Per l'autore di un blog come quello che avete la bontà di leggere, finalizzato esplicitamente a trattare i temi della sicurezza (anche se cercando sempre, qualora possibile, di coglierla sotto il profilo di presupposto per lo sviluppo economico e sociale) la lettura del testo del filosofo norvegese Lars Svendsen, riproposto in Italia dalla Castelvecchio editore, è doppiamente proficuo. La ricerca della sicurezza altro non è, infatti, che la risposta razionale ad uno dei sentimenti più antichi che accompagnano la storia dell'umanità: la paura. Chiedersi cosa sia la paura e quale sia la cultura che la sua diffusione inevitabilmente genera e diffonde è, pertanto, assolutamente necessario e consente a tutti noi, sedicenti cultori della materia delle politiche di sicurezza, di godere di un salutare bagno di umiltà.

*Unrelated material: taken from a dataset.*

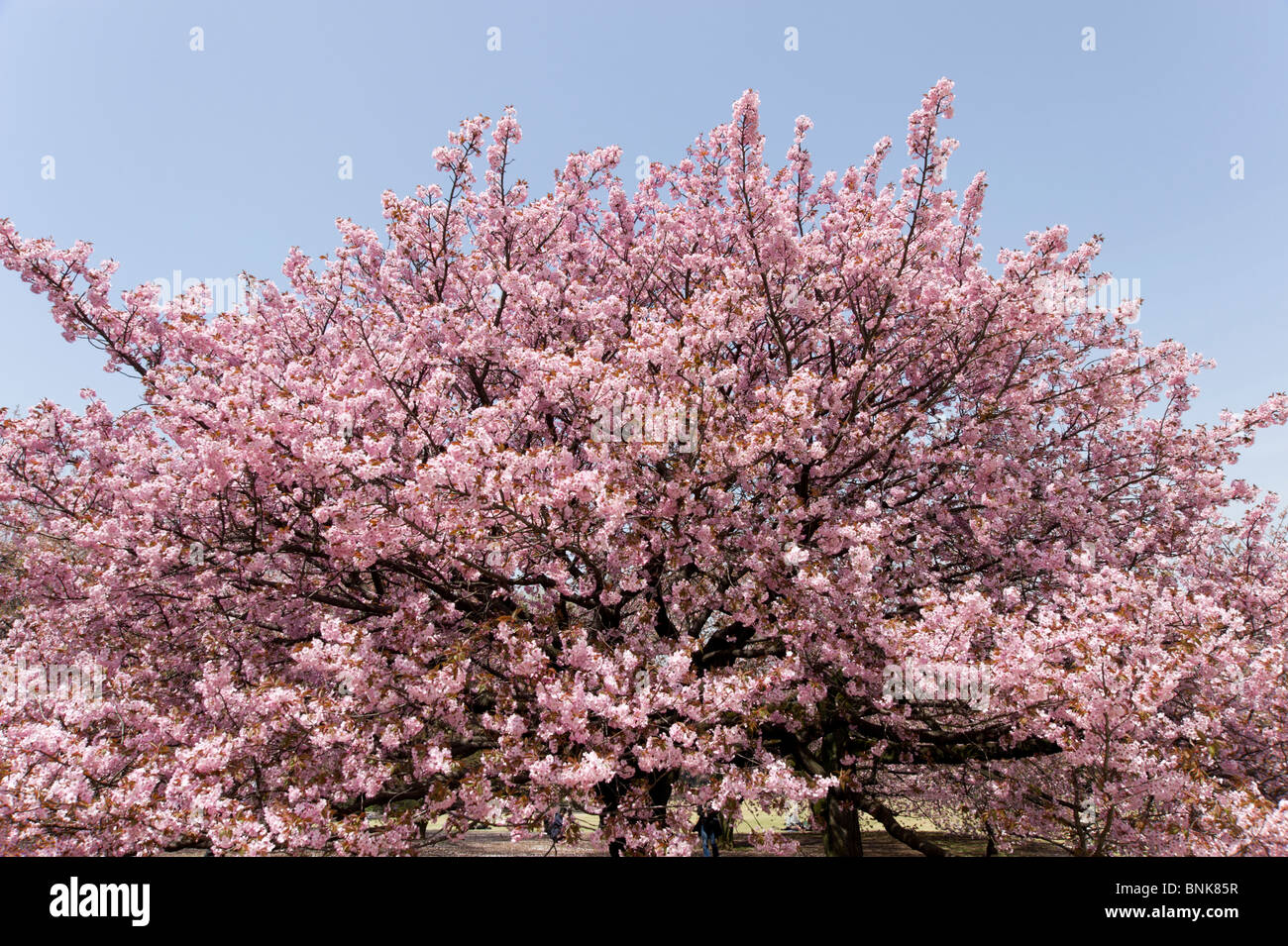 Cherry blossom tree in Shinjuku Imperial Garden, Tokyo, Japan Stock Photo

La paura è un sentimento assolutamente normale, direi fisiologico, che ci fa compagnia dalla notte dei tempi, eppure ogni generazione (e quella presente non fa certo eccezione) sembra riscoprirla ogni volta con sgomento. I motivi per aver paura (contrariamente a quanto si pensi comunemente) non sono affatto aumentati, al contrario: la nostra società occidentale è probabilmente una delle più sicure che la storia ricordi.
La componente che sembra incrementarsi costantemente è invece la "cultura della paura" e, di conseguenza, la politica della paura. Questo sentimento è, infatti, un potente mezzo di controllo sociale ed un fortissimo argomento a sostegno delle decisioni meno giustificabili. "La paura" scrive il filosofo norvegese "è uno dei fattori di potere più importanti che esistano e chi può governarla in una società terrà quella società in pugno"
Un richiamo ad una visione serena e razionale dei potenziali pericoli che ci minacciano, mi pare opera meritoria. Una società è veramente sicura quando è anche serena e in grado di difendersi dai rischi incombenti senza isterismi e senza cedere alle demagogie. Tutto ciò mi pare saggio. Ma attenzione, guai a pensare che un livello misurato e controllato di timore sia inutile. Lo spirito di autoconservazione è necessario per la tutela sia del singolo sia di una collettività, poichè "temere" significa anche considerare il futuro e programmare le risposte che si pensa saranno necessarie a fronteggiare le emergenze. Pur consapevoli che - per fortuna - molte di queste emergenze non avranno mai luogo e molte delle minacce che dovremo effettivaqmente affrontare assai meno spaventose nella realtà di quanto non lo siano state nelle nostre tormentate preoccupazioni.